- Yeni bir araştırma sonucunda kalbimiz ve beynimiz arasında olağanüstü bir bağlantı olduğu keşfedildi.
- Almanya’da bir ensititüde sinirbilimci olan Esra Al, onlarca yıllık araştırmaları ve son yapılan çalışmaları temel alarak, birkaç yıldır kalbin beyin üzerindeki etkisini inceliyor.
- 2020’de Al ve bazı meslektaşları, sistol dönemi yani kalp kasının kasılması ile oluşan basıncın kanın odacıklarla bağlantılı büyük damarlara aktığı dönemde dış uyaranları algılamamızın düştüğünü keşfetti.
Bu cümleyi okurken geçireceğiniz birkaç saniye içerisinde zaman algınız genişleyip daralabilir ve dünya algınız fark edemeyeceğiniz şekillerde değişebilir.
Beyin üzerindeki bu ince etkiler, yeni bir araştırmaya göre kısa patlamalar halinde motor fonksiyonlarını da arttıran ve göğsünüzün içinde atan kalpten gelen algılanamayan ruhani çekişler olabilir.
Almanya’daki Max Planck İnsan Bilişsel ve Beyin Bilimleri Enstitüsünde sinirbilimci olan Esra Al, onlarca yıllık yapılan araştırmaları ve daha sağlam yöntemler ile yapılan son çalışmaları temel alarak birkaç yıldır kalbin beyin üzerindeki etkisini inceliyor.
2020’de Esra Al ve bazı meslektaşları, sistol dönemi yani kalp kasının kasılması ile oluşan basıncın kanın odacıklarla bağlantılı büyük damarlara aktığı dönemde dış uyaranları algılamamızın düştüğünü buldu. Ancak kalbin gevşeme anında bu duyusal olaylar olağan düzeyine geri dönüyor.
Bazı araştırmalar, sistol sırasında tepki sürelerinin yavaşladığı ve duygusal algımız anlık olarak bozulduğu için dokunsal bilgileri toplamamızın daha uzun sürdüğünü öne sürmekte. Diğer çalışmalar, sakkad olarak bilinen hızlı göz hareketlerinin, kalp kasıldıkça daha sık meydana geldiğini ve motor hareketlerin kalp döngüsüne bağlı olabileceğini ortaya koydu.

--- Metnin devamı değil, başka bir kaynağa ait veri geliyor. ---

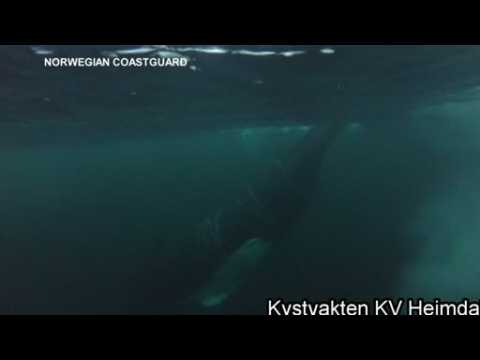 The Norwegian Coast Guard rescue a trapped humpback whale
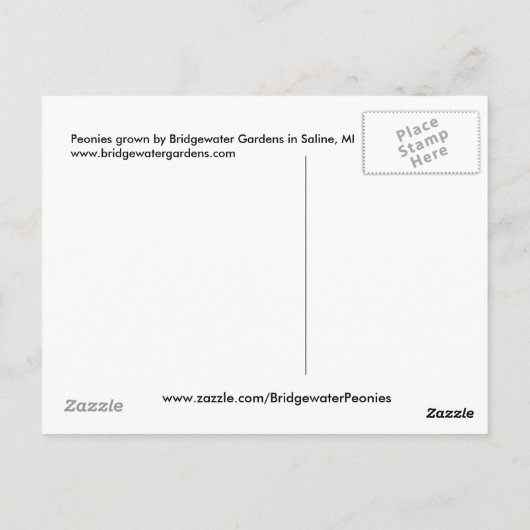 ピンクの牡丹/牡丹の花が花瓶に飾られる ポストカード (裏面)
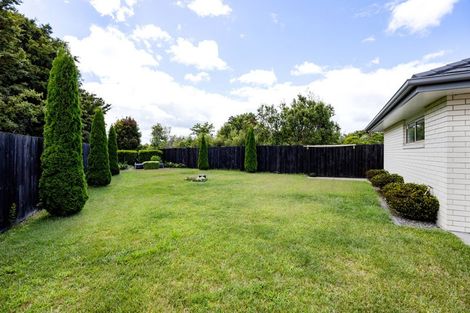 Photo of property in 16 Derwent Place, Flagstaff, Hamilton, 3210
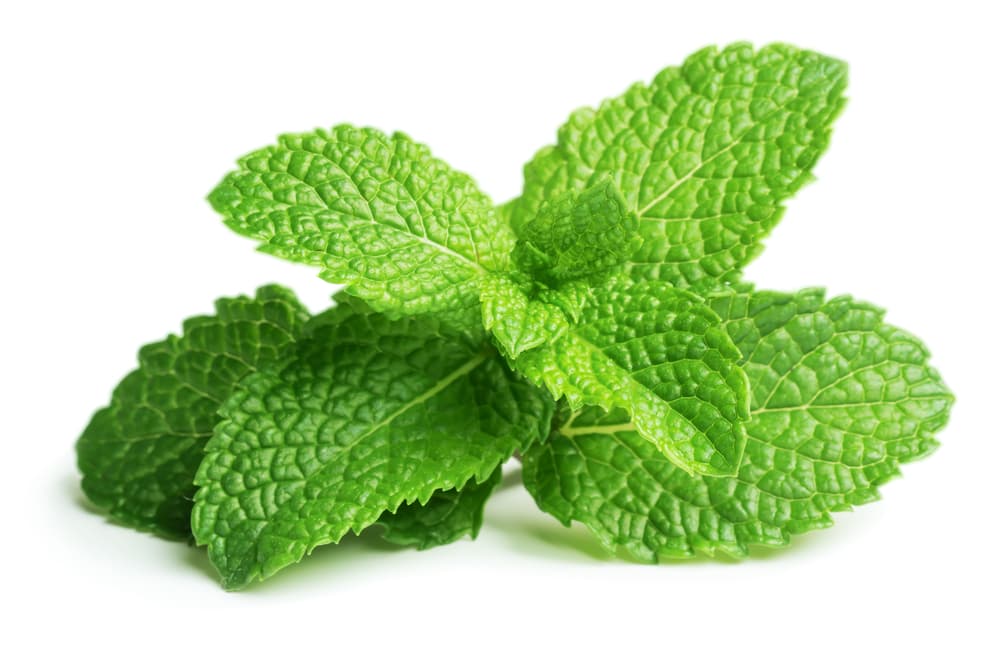 Finalmente, te recomendamos una infusión o té de menta casero para que absorbas sus cualidades protectoras.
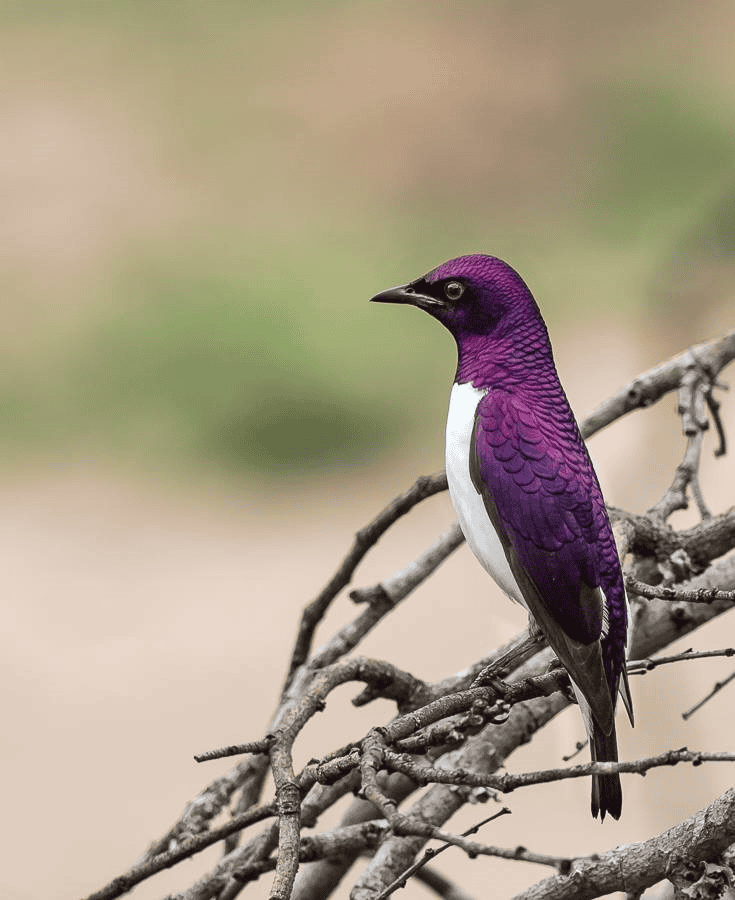 Violet-backed Swallow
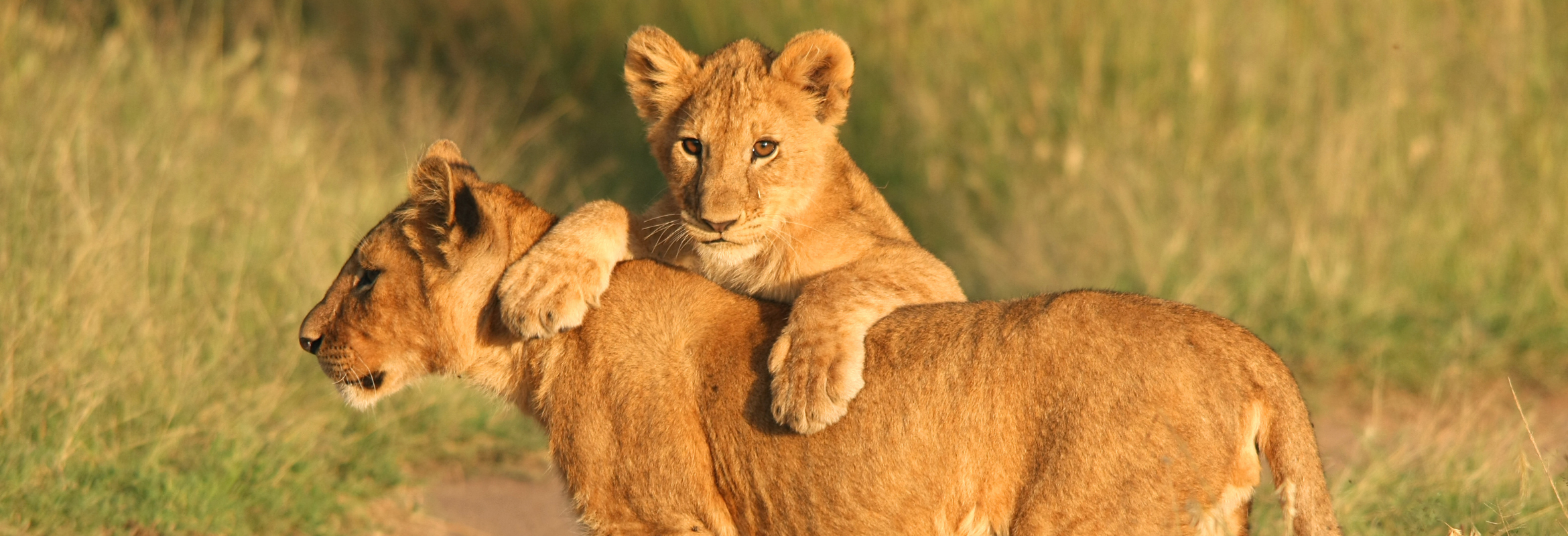 Zimbabwe Safari Explorer - Image 3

Bu gelgitlerin ve akışların net bir cevabını şimdiye kadar bilim insanları açıklayamadı. Bu nedenle Al ve araştırmacı arkadaşları, beynin istemli motor hareketlerini kontrol eden bölümü olan motor korteksin tüm kalp döngüsüne nasıl tepki verdiğini araştırmaya başladılar.
Araştırmacılar yaptıkları açıklamada, “İlginç bir şekilde, bu çalışma insan kalbi ve beyni arasındaki dikkate değer bir bağlantıyı ortaya koyarak, eylem ve algı için özel olarak tasarlanmış farklı zaman pencerelerini ortaya koyuyor.” dedi.
Araştırmacılar, katılımcılar birkaç farklı makineye bağlayıp sandalyede oturarak ellerinde bir şeyi sıkıştırmalarını içeren bir motor kontrol görevi tamamladıklarında; beyin, kalp ve el kası aktivitesinin eş zamanlı kayıtlarını aldılar.
Araştırmacılar, 36 kişiden alınan verileri analiz ederek, el kaslarını kontrol eden sinir sinyallerinin, tipik olarak saniyenin onda üçü kadar süren sistol sırasında yükseldiğini tespit etti. Katılımcılar göstergeyi diyastol yerine sistol sırasında sıkıştırdıklarında el kası aktivitesi anlık olarak daha güçlüydü.
Araştırmacılar, “Genel olarak, sensorimotor korteksteki yani, vücudun kapsamlı motor kontrol sisteminin uyarılabilirliğinin sistolde arttığını ve buna bağlı olarak bu artışın motor kontrolüne yansıdığını bulduk.” açıklamasında bulundular.
Bu çıkan sonuçları geçmiş bulgular ile karşılaştıran araştırmacılar, sistol sırasında kas aktivitesindeki artışın duyusal algıdaki düşüşü tamamladığını ve böylece kalp döngüsündeki beynin duyusal bilgileri işlemek ve ardından buna göre hareket etmek için hazırlandığını öne sürdüler.
Araştırmacılar, “Kalp döngüsü boyunca algıyı ya da eylemi optimize eden farklı zaman aralıklarının olması mümkündür.” sonucuna vardı.